В это время М. Кулиш — как автор пьесы «97» (1924) — получает официальное приглашение российских коллег стать членом Московского общества драматических писателей и композиторов. «Я було завагався, але уповноважений довів мені, що це діло грошей не коштує, а навпаки... і що власне він дивується, як мене і через що саме запрошено (мовляв, така велика честь: Луначарський, Островський, Чехов — члени цього Т<оварист>ва). Тоді я згодився, бо одцуратись було совісно. Як же: покійні Островські, Чехови та інші корифеї. Гарненько подякував за «честь» і згоду дав. Так що, Жане, виходить, що тепер я товаришем став покійного Островського і близью стою до корифеїв (!)» («Я было засомневался, но уполномоченный убедил меня, что это дело денег не стоит, а наоборот... и что собственно он удивлён, как меня и почему именно меня пригласили (говорил, такая большая честь: Луначарский, Островский, Чехов — члены этого Общества). Тогда я согласился, так как отказаться было совестно. Как же: покойные Островские, Чеховы и другие корифеи. Хорошенько поблагодарил за «честь» и согласился. Так что, Жан, выходит, что я теперь товарищем стал покойного Островского и близко стою к корифеям (!)» (из письма И. Днипровскому от 26 марта 1925 года) [Кулиш 1990 II: 528]. На наш взгляд, оказавшись в таком уважаемом обществе, молодой автор тем более не мог проигнорировать опыт классиков драматургии.

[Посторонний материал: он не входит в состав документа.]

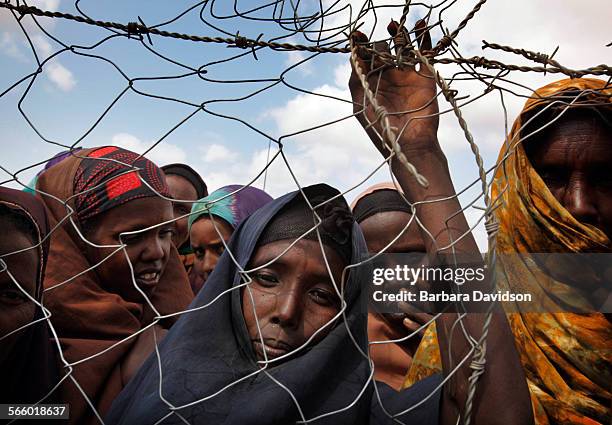 Somali refugees, known as "new arrivals" wait to be registered at Camp IFO, on the outskirts of Dadaab. Depending on which aid agency you ask 000 to...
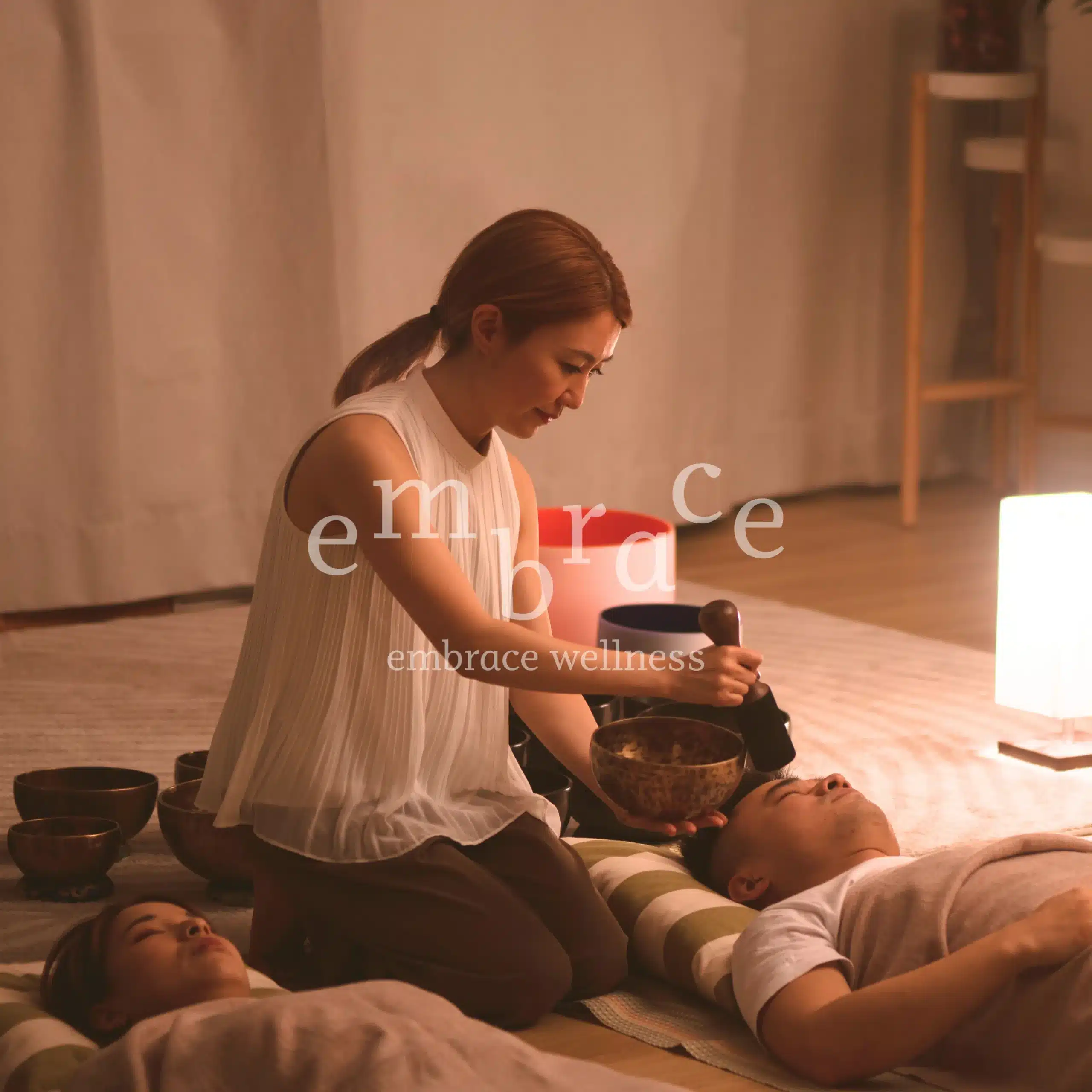 Certified sound healer Manlee performing a Tibetan singing bowl sound bath for relaxation and holistic wellness at Embrace Wellness, Newbury, guiding participants towards a transformative journey.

Обратимся к тексту пьесы «Коммуна в степях». Фамилия хозяина, который пятый год как убежал с хутора, подался за белыми, — Вишневый. Читатель, знакомый с чеховским театром, эту деталь не может оставить без внимания. И хотя чеховских цитат в пьесе М. Кулиша мы не найдём, украинский драматург как будто предлагает свою версию того, что случилось с усадьбой, вишнёвым садом и его последним хозяином двадцать лет спустя. Согласно версии Лопахина, «дачник лет через двадцать размножится до необычайности <...> может случиться, что на своей одной десятине он займётся хозяйством, и тогда ваш вишнёвый сад станет счастливым, богатым, роскошным...» [С XIII, 206]; «настроим мы дач, и наши внуки и правнуки увидят тут новую жизнь...» [С XIII, 240]. Но даже такой прозорливый и практичный человек, как Лопахин, не мог предвидеть потрясений, выпавших на долю страны и людей начала XX века. Итак, мы ставим перед собой задачу не просто сравнить пьесы двух драматургов, а показать, что пьеса М. Кулиша «Коммуна в степях» — это одна из версий «открытого» чеховского финала, появившаяся в ходе творческих поисков начинающего автора; рецепции «Вишнёвого сада» не просто читателем, а читателем-художником.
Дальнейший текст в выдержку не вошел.